### ACTIVITY
Exclude all pictures, then copy each of the records exactly as written.

== == ==

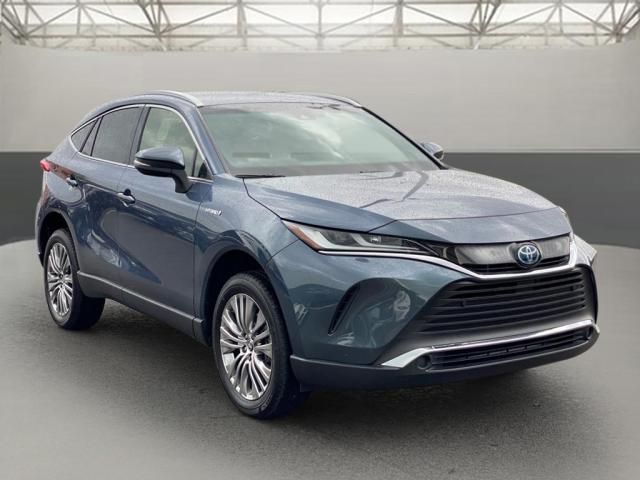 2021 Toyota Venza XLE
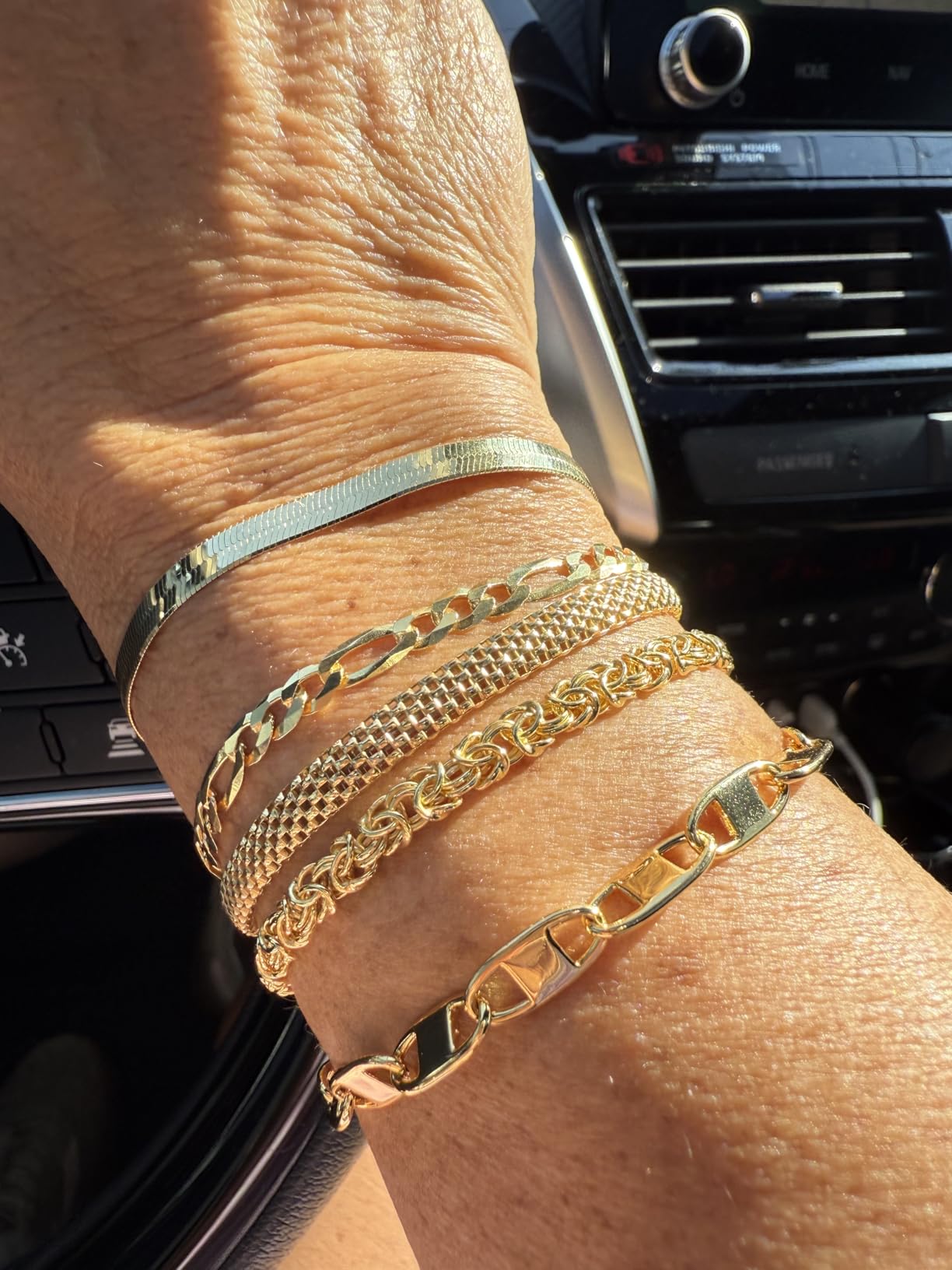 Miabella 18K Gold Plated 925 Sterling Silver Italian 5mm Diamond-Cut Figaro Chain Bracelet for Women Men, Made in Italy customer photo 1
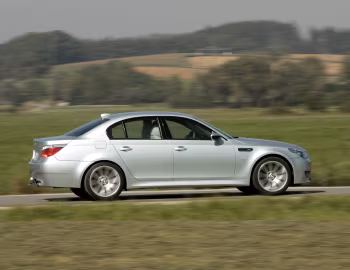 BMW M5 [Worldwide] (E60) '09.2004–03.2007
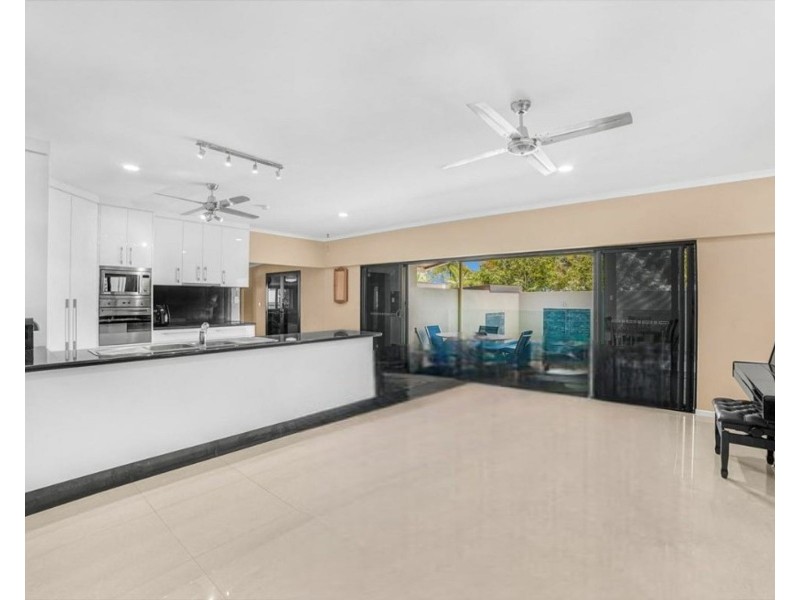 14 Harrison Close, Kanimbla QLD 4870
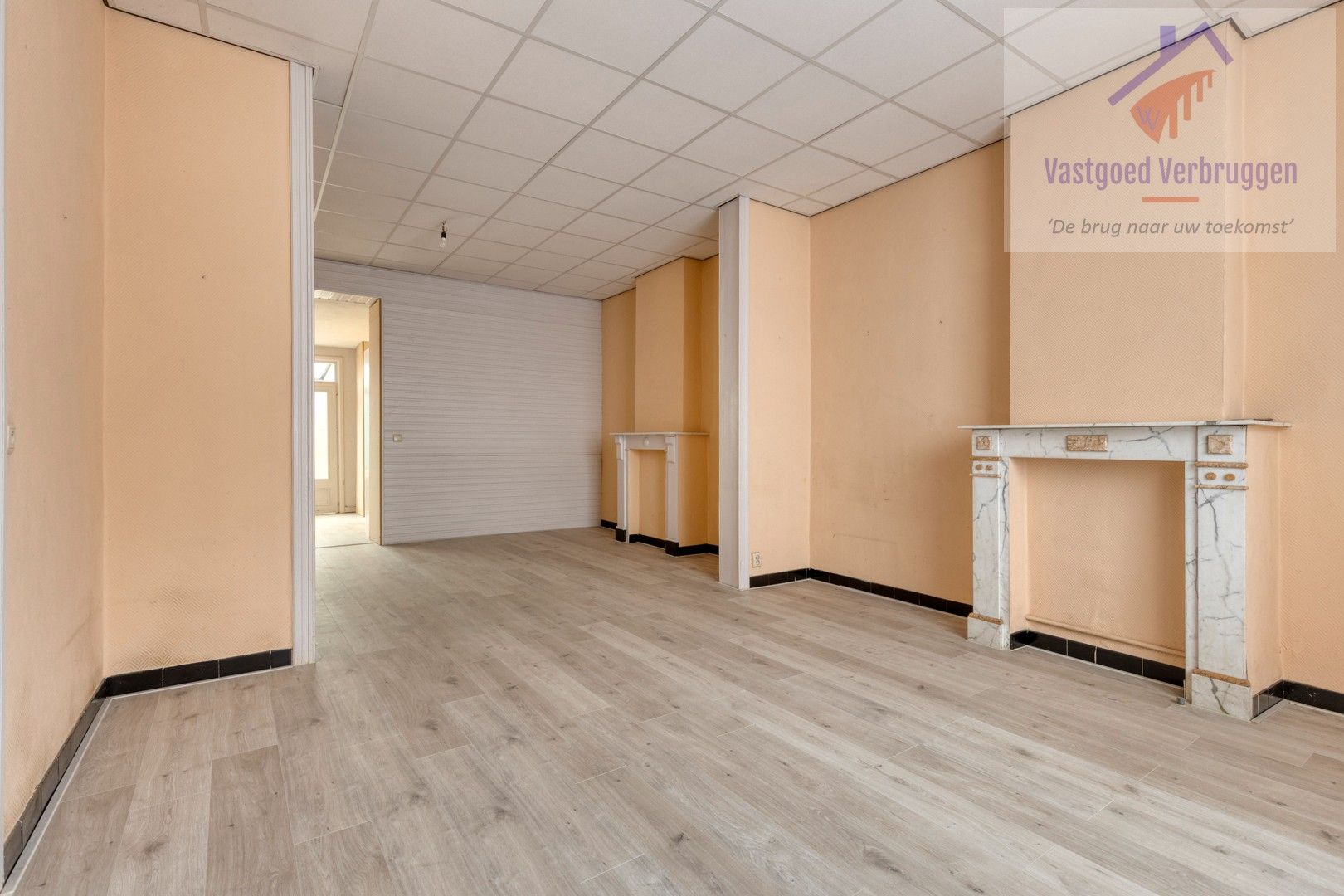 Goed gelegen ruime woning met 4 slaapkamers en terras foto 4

== == ==

### ANSWER FOR THIS EXERCISE
 2021 Toyota Venza XLE
 Miabella 18K Gold Plated 925 Sterling Silver Italian 5mm Diamond-Cut Figaro Chain Bracelet for Women Men, Made in Italy customer photo 1
 BMW M5 [Worldwide] (E60) '09.2004–03.2007
 14 Harrison Close, Kanimbla QLD 4870
 Goed gelegen ruime woning met 4 slaapkamers en terras foto 4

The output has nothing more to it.